The Irish Mail on Sunday

PAC to probe rising €1bn NMH costs

Minister says he’s unaware of outlay on new maternity hospital as bill concerns mount

- By John Drennan News@mailonsund­ay.ie

HEALTH Minister Stephen Donnelly claims he does not know how much the delayed National Maternity Hospital will cost taxpayers as members of the powerful Public Accounts Committee warned the final bill for the project will exceed €1bn.

And the Irish Mail on Sunday has learned the powerful Dáil spending watchdog is considerin­g exercising its powers of compellabi­lity to secure details of a review into the escalating costs of the National Children’s Hospital, which Mr Donnelly also claims not to be aware of.

The committee is growing increasing­ly concerned over the cost of the National Maternity Hospital (NMH,) which was estimated would cost €350m just five years ago. This escalated to €800m by mid-2021 and it is now believed the final bill will cost at least €1bn.

Social Democrats co-leader and PAC deputy chair Catherine Murphy this weekend expressed concerns that the mistakes made in the Children’s Hospital project, which has been beset by constant delays and cost overruns,

‘There is huge unease we are heading towards €1bn’

will be repeated.

Ms Murphy told the MoS: ‘The National Maternity Hospital, which was earmarked as costing €350m in 2017, is now being talked about as a project of the same scale [as the children’s hospital] costing €1bn. People forget when the National Children’s Hospital started we were told that selling the lottery licence would pay for it.

‘I want to see evidence as to how a bill for €350m [for the NMH] has turned into €1bn. This is especially the case given that there are no land acquisitio­n costs and the site is far more accessible.’

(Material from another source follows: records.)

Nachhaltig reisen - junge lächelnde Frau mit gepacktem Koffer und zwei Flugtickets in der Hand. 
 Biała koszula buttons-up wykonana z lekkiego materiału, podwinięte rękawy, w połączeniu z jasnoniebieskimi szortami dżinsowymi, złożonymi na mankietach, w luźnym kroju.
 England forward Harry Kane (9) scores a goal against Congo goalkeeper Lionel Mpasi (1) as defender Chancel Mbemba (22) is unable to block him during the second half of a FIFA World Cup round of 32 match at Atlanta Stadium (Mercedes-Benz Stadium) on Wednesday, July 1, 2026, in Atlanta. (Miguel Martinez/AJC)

Ms Murphy said she is concerned no one from the Department of Health has been able to provide an answer to the committee’s queries on the latest projected cost of the maternity hospital.

She told the MoS: ‘No one has come to us with a cost. How the NMH has increased from €350m to €1bn is now a priority. We cannot end up in the situation where another big hospital project runs out of control.’

PAC chairperso­n Brian Stanley added: ‘There is huge unease we are heading towards €1bn. It is critical that we don’t end up in a similar situation to the Children’s Hospital with the NMH. We need to ensure we do not.’

Despite taking the decision to push ahead with the constructi­on of the NMH on the grounds of St Vincent’s University Hospital in south Dublin, Mr Donnelly said he does not know what the cost of the project will be.

In response to a parliament­ary question from his Fianna Fáil colleague Niamh Smyth on the subject, the minister said estimates of the final costs could not be made.

Mr Donnelly said: ‘The business case to support the capital project to relocate the National Maternity Hospital to the St Vincent’s University Hospital Campus is progressin­g.

‘A final business case has been submitted to the Department by the NMH Project Board and is now subject to technical review by the Department of Health, including the External Assurance Process for major capital projects recently introduced by the Department of Public Expenditur­e and Reform.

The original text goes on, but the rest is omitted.